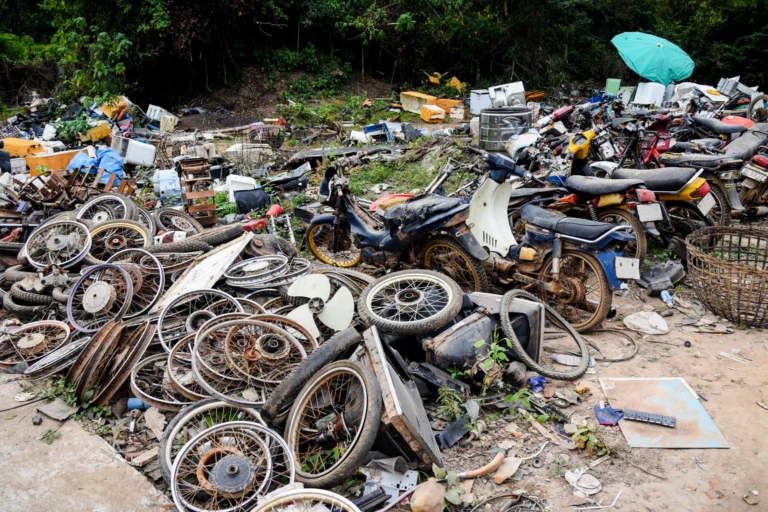 Rodas e peças de motocicletas desmontadas acumuladas em um terreno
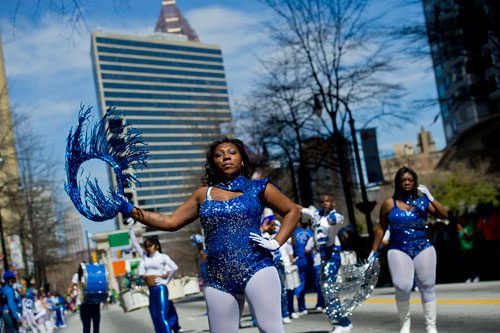 Treeshanea Bartee (center) marches down Peachtree Street with the New Edition Marching Band during the 131st Atlanta St. Patrick's Day Parade on Saturday March 16, 2013. 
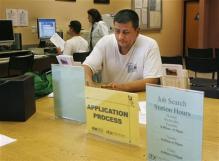Aniba Casavilca fills out a registration form to begin his search for a job at the Verdugo Jobs Center in Glendale, California, November 7, 2008.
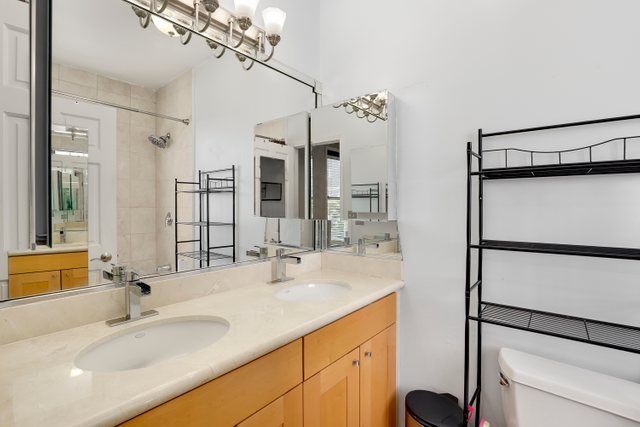 4714 South Evans Avenue, Unit 3N Chicago, IL 60615 - Photo 10 of 21 a bathroom with a sink double vanity and a mirror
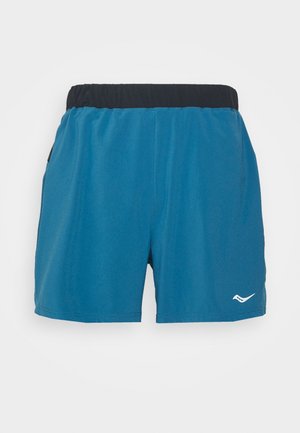 Blå idrottsshorts med ett elastiskt svart midjeband. Tillverkade av slät tyg, med en vit logotyp på nedre högra sidan. Inga fickor synliga.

----------

# Your assignment:
Return the records exactly. Don't carry the pictures over.

# Reply to the exercise:
 Rodas e peças de motocicletas desmontadas acumuladas em um terreno
 Treeshanea Bartee (center) marches down Peachtree Street with the New Edition Marching Band during the 131st Atlanta St. Patrick's Day Parade on Saturday March 16, 2013. 
Aniba Casavilca fills out a registration form to begin his search for a job at the Verdugo Jobs Center in Glendale, California, November 7, 2008.
 4714 South Evans Avenue, Unit 3N Chicago, IL 60615 - Photo 10 of 21 a bathroom with a sink double vanity and a mirror
 Blå idrottsshorts med ett elastiskt svart midjeband. Tillverkade av slät tyg, med en vit logotyp på nedre högra sidan. Inga fickor synliga.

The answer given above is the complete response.